Kedah has also faced serious problems, with disruptions to its supply becoming increasingly regular over recent years.
And this week we have seen reports that the crisis threatens to bubble over into Selangor – anotherOpposition held state.
The executive chairman of Syarikat Bekalan Air Selangor Sdn Bhd (Syabas), Tan Sri Rozali Ismail, said that his organisation had submitted details about areas that were hit by critical levels of shortages.
“These facts cannot be denied. If the situation is getting worse, then, anything else to say is pointless,” he said.
“If the state government does not believe, they can challenge these data. Please send any external consultants to check on the water data that we have processed.”
He also urged the Selangor Government to resolve the issues, including the Langat 2 Water Treatment Plant project immediately, to avert a possible water crisis in the Klang Valley by 2014.
Sultan Sharafuddin Idris Shah recently implored Tan Sri Abdul Khalid Ibrahim and his colleagues not to politicise the water issue.
“Some people think that the water problem is trivial but I view it seriously because it will affect our life and national development.
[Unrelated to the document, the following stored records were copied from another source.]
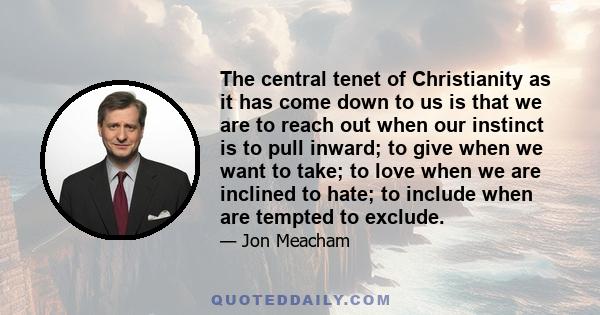 The central tenet of Christianity as it has come down to us is that we are to reach out when our instinct is to pull inward; to give when we want to take; to love when we are inclined to hate; to include when are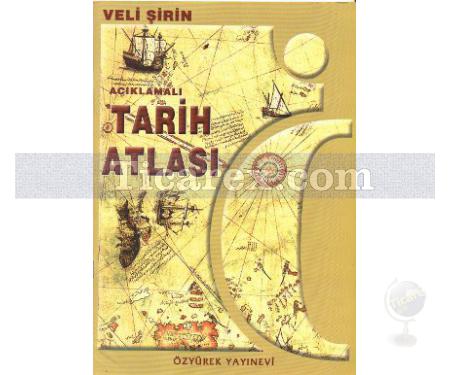 Tarih Atlası | Veli Şirin - Resim 1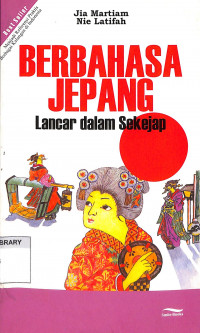 BERBAHASA JEPANG: Lancar dalam Sekejap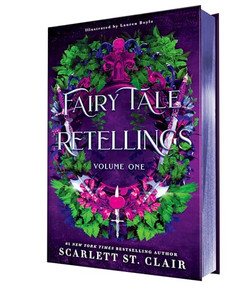 Fairy Tale Retellings, Volume I by Scarlett St. Clair, 9781464216893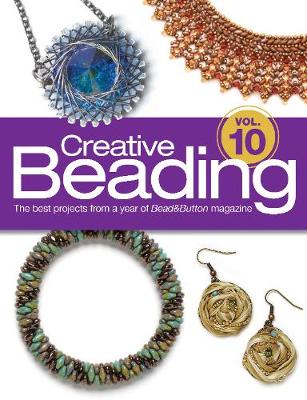 Creative Beading Vol. 10: The Best Projects From a Year of Bead&Button Magazine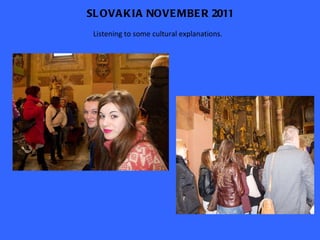 SLOVAKIA NOVEMBER 2011 Listening to some cultural explanations.  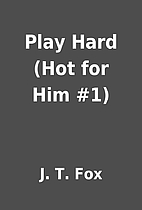 Play Hard (Hot for Him #1) by J. T. Fox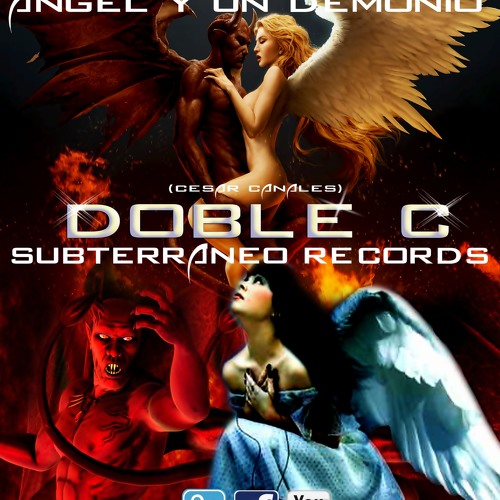 ภาพปกอัลบั้มเพลง DobleC Mc Yo tengo un Ángel y un Demonio Subterráneo Récords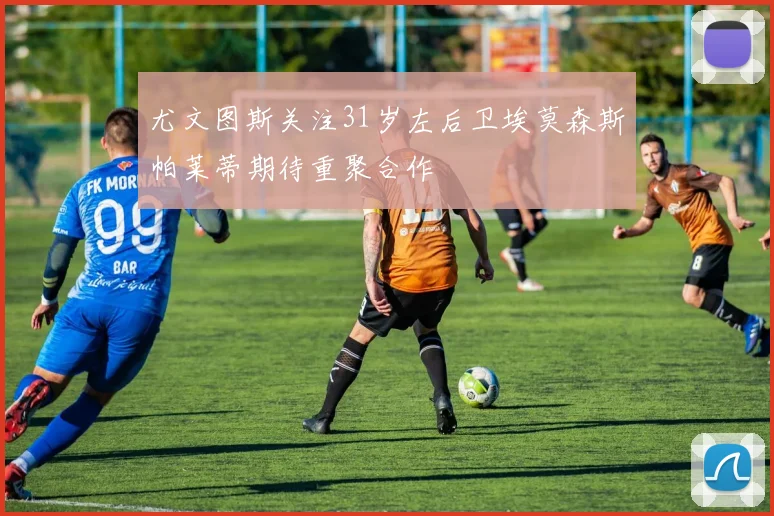 尤文图斯关注31岁左后卫埃莫森斯帕莱蒂期待重聚合作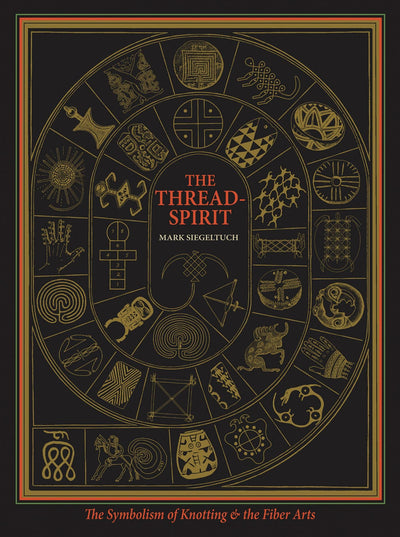 The Thread-Spirit: The Symbolism of Knotting and the Fiber Arts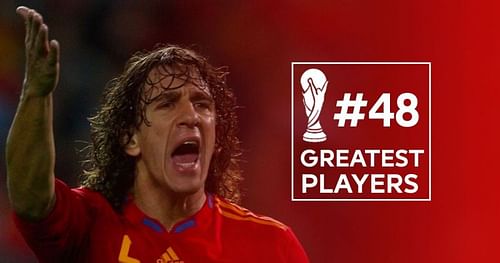 50 Greatest players in World Cup History 48 Carles Puyol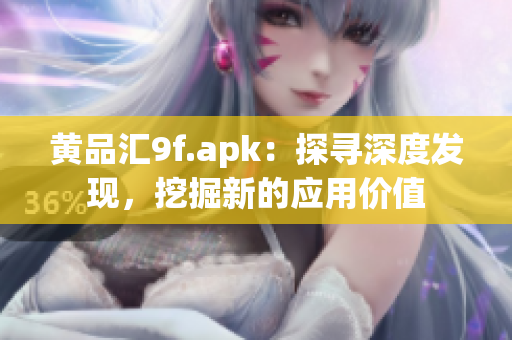 黃品匯9f.apk：探尋深度發(fā)現(xiàn)，挖掘新的應(yīng)用價值
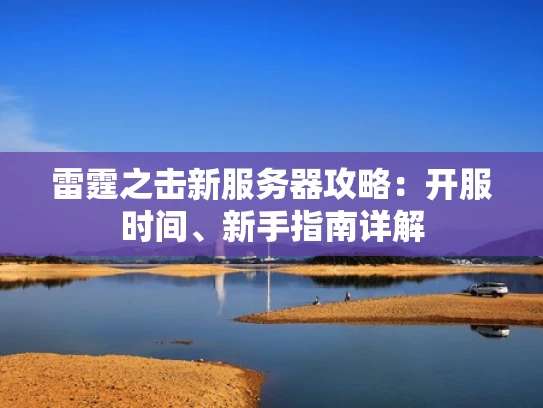 雷霆之击新服务器攻略：开服时间、新手指南详解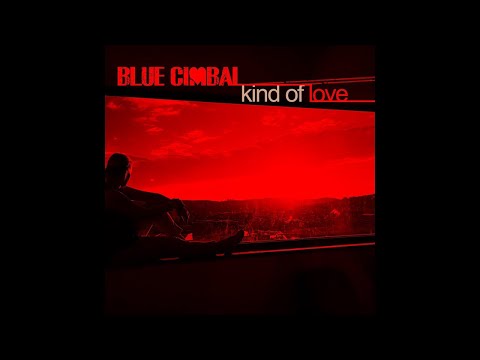 Blue Cimbal - Kind of Love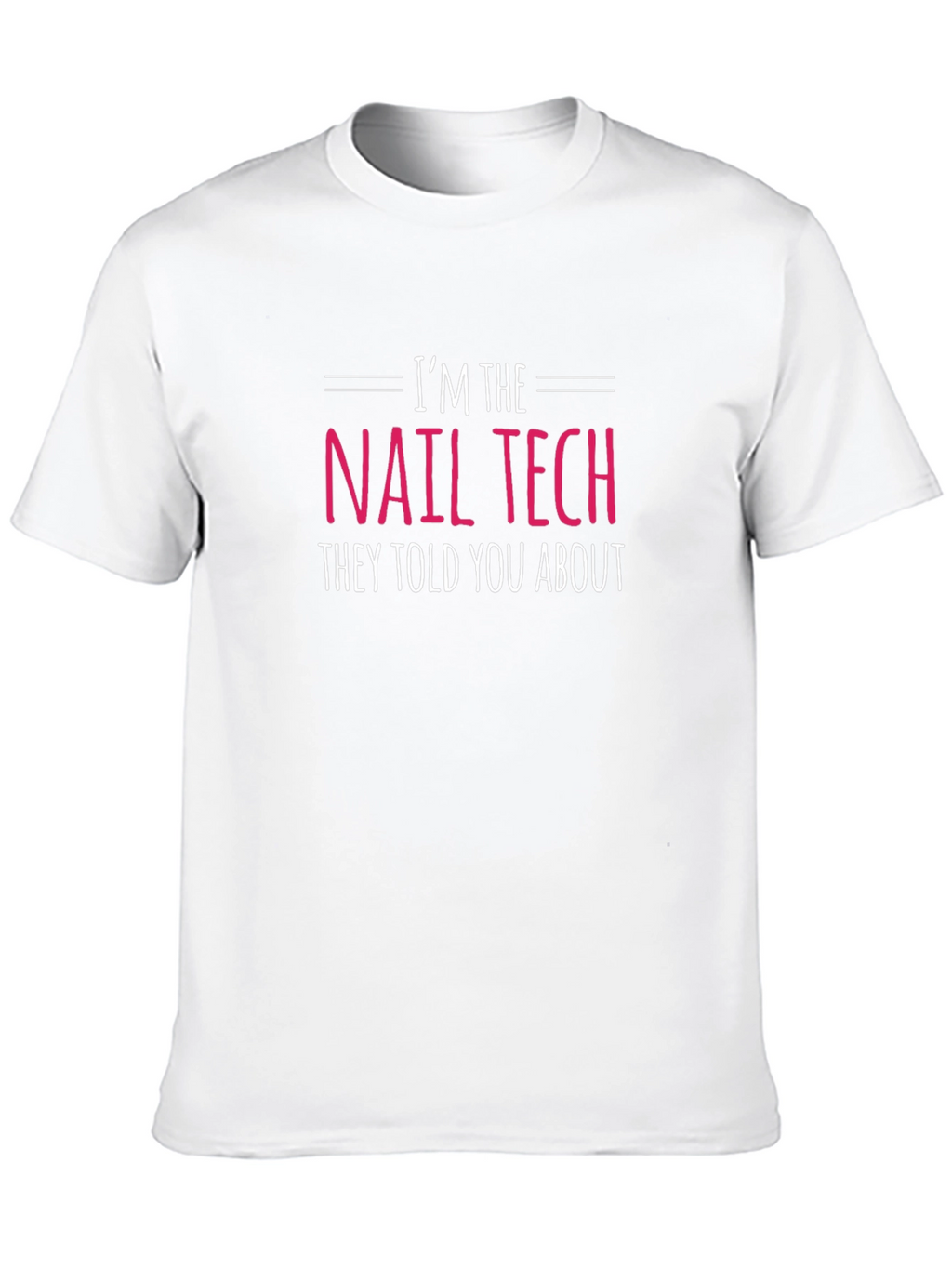 Im the Nail Tech T-Shirt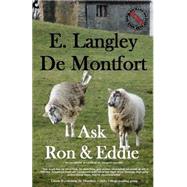Ask Ron & Eddie by De Montfort, E. Langley; Milner, Lawrence, 9781501038723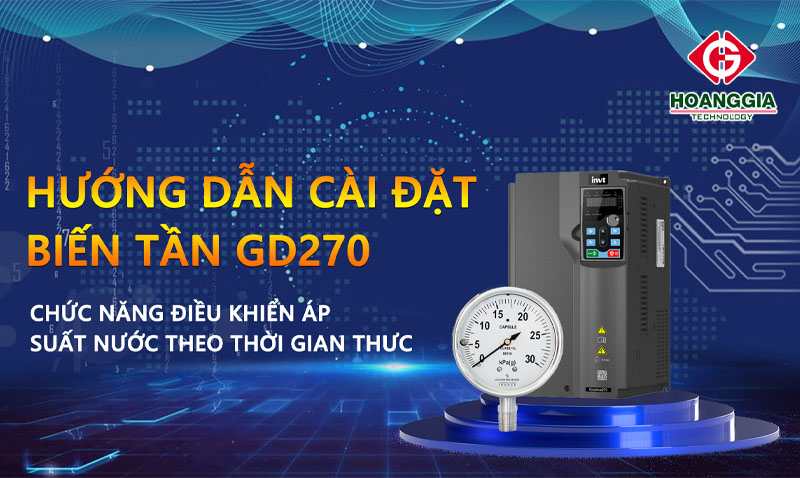 Hướng dẫn cài đặt biến tần GD270: Chức năng điều khiển áp suất theo thời gian thực 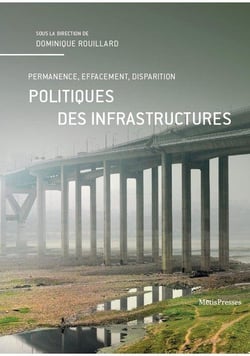 Politiques des infrastructures - permanence, effacement, disparition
“I don’t want the water issue to be politicised as the people need it and there are no other alternatives,” he said, concerned that a crisis could endanger the states reputation with investors – something that could slow down growth at a crucial time for Malaysia.
For the Opposition politicians who have shown such deplorable apathy, the issue will soon be what to do after they are ousted out of office by voters thirsty for change.
If they can’t manage to get the basics right in a handful of states, (in some cases after 22 years!) how can they possibly be trusted with managing the entire country?